I don’t honestly think that people with disabilities expect the entrance to the chamber at Newgrange to be widened to allow a wheelchair in, or to have lifts installed in the round tower at Glendalough. But it’s clear from such sections that the drafters of the act felt the need to protect themselves from anyone in the disability community who might be feeling litigious. The good news about the Disability Act 2005 is that it proposes the appointment of an enormous army of people to ensure that citizens with a disability get their rights.

There will be liaison officers, assessment officers, complaints officers, appeals officers, enquiry officers, yet more complaints officers, and if all that fails, there will be recourse to the ombudsman.

The bad news is that since the act contains no rights whatsoever, this army of officers will find itself rather redundant. Every single time the act imposes an obligation to make something accessible, it immediately waters it down to the point of non-existence.

And you might have noticed in everything I’ve said about the act that I talked only about public buildings. That is because the act is completely silent on the subject of private buildings. So access to the department stores, restaurants, pubs and hotels of Ireland will continue to be a matter entirely at the discretion of the proprietors of those establishments.

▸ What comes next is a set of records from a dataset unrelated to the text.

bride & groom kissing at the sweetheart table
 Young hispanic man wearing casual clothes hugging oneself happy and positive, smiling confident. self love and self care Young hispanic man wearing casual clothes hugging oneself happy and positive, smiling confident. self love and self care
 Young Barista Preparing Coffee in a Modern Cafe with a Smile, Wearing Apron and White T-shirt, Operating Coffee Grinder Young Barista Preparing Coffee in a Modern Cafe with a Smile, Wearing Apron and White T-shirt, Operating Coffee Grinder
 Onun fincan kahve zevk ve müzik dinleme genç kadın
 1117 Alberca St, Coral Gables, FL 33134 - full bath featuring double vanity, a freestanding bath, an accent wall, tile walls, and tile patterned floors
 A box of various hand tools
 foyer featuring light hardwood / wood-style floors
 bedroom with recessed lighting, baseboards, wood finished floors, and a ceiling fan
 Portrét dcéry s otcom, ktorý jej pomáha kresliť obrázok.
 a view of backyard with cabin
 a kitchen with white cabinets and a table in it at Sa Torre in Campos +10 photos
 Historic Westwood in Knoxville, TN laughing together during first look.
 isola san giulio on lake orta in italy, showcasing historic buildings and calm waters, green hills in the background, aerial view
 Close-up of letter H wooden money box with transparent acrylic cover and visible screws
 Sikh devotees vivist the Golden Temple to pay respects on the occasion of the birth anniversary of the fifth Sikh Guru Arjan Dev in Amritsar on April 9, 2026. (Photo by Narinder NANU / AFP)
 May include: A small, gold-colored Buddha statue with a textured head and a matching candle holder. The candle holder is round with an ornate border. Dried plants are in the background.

While many have made genuine efforts, there are many others who subconsciously cling to the notion that people with a disability have only themselves to blame.

Does that seem harsh? Next time you see a person in a wheelchair unable to gain access to a pub, ask yourself could it really be the case that his or her wheelchair is too wide. Or is it just possible that the door was designed without the slightest thought being given to the needs of a person in a wheelchair?

NEXT time you see a blind person being slashed by the branches of an overhanging tree, ask yourself why no-one seems to have any obligation to keep trees pruned away from the public path.

I have said it many times before in these pages - these things are a function of public attitudes. They result in a form of second-class citizenship.